1.4 milyon kişi ev sahibi olmadı, olamaz da!

Bir apartmanda satılık iki daire var. En üst katta oturan yaşlı karı koca merdiven inip çıkmakta artık çok zorlanıyorlar ve giriş katta, düzayak bir ev istiyorlar. Böyle bir ev almak için de en üst kattaki evlerini satılığa çıkarıyorlar.

Evlendikleri yıl paraları ancak giriş kattaki daireyi almaya yeten genç çift ise durumlarını düzeltmişler ve şöyle balkonlu, daha ferah ve aydınlık bir daire düşünüyorlar.
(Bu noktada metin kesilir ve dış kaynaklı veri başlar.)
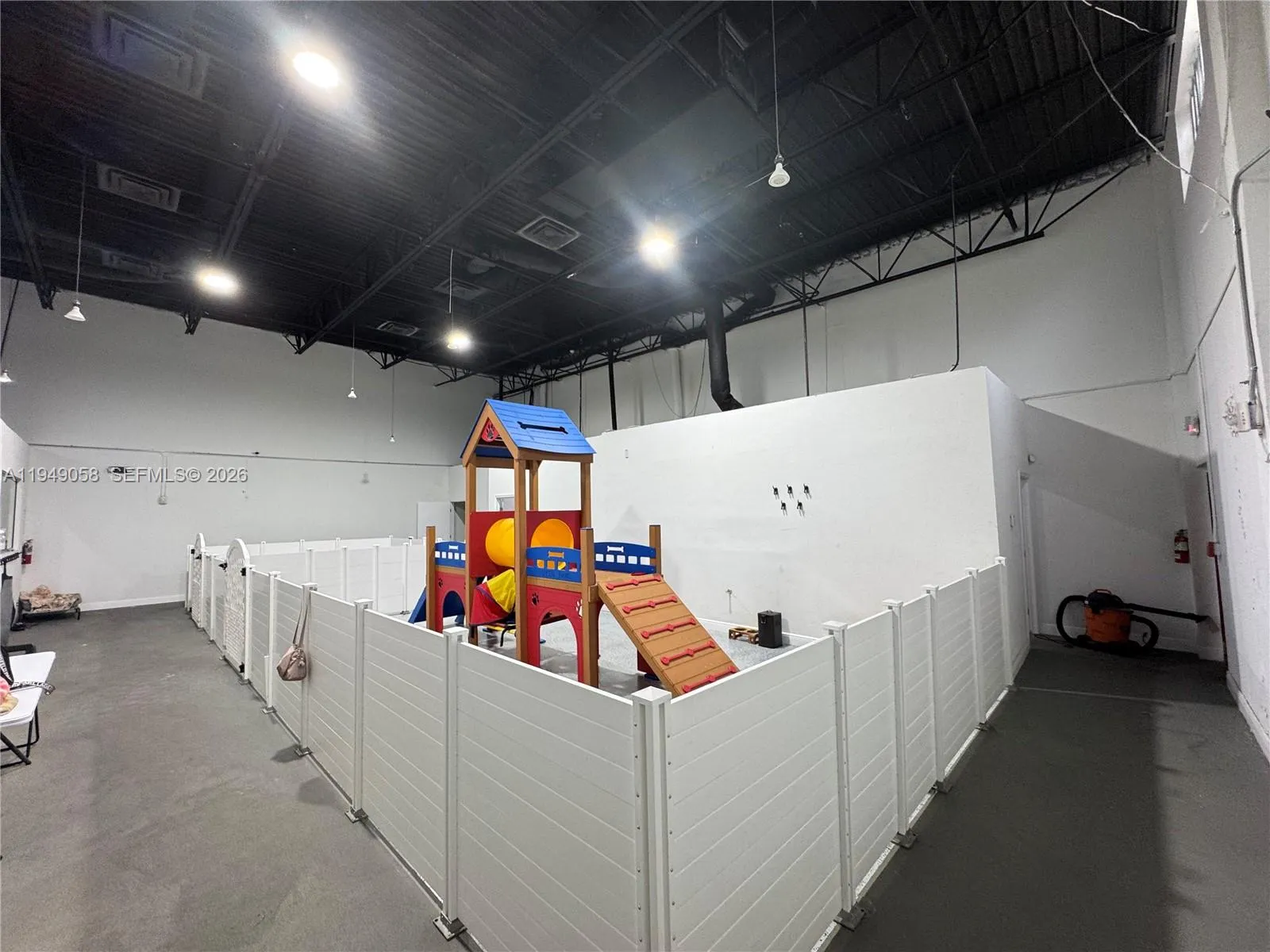 8347 Nw 36th St, Doral, Florida 33166, Doral, Florida 33166, ,Business Opportunity,For Sale,8347 Nw 36th St, Doral, Florida 33166,A11949058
Onlar da evlerini satılığa çıkarıyor.

Sonunda üst kattaki evin sahibi olan yaşlı çift giriş kattaki daireyi alıyor, giriş kattakiler de bir fark ödeyerek en üst kattaki daireyi.

Şimdi sonuçta iki ev satılmış oldu. Tapu kayıtlarında görüyoruz bunu, TÜİK de ikinci el iki dairenin satıldığını kayıtlarına geçti ve açıkladı.

Peki bu alışverişi değerlendirirken “İki kişi ya da iki aile ev sahibi oldu” diyebilir miyiz?

Zaten iki kişi ya da aile ev sahibiydi, şimdi de öyle. Değişen bir şey yok ki...

İkinci el konut satışı budur. Ve hele hele TÜİK’in konut satış istatistiğine bakarak “Geçen yıl 1.4 milyon kişi ev sahibi oldu” diye başlık atmanın pek de anlamı yoktur.

Eğer birisi ikinci el konut alıyorsa, bir başka kişi de sahip olduğu konutu satmış demektir.

Geçen yıl 750 bin ikinci el konut satıldı, ilk satış ise 660 bin. Buna göre toplam konut satışı tabii ki 1.4 milyondur ama toplamda kaç kişinin ev sahibi olduğunu bilme şansımız yoktur.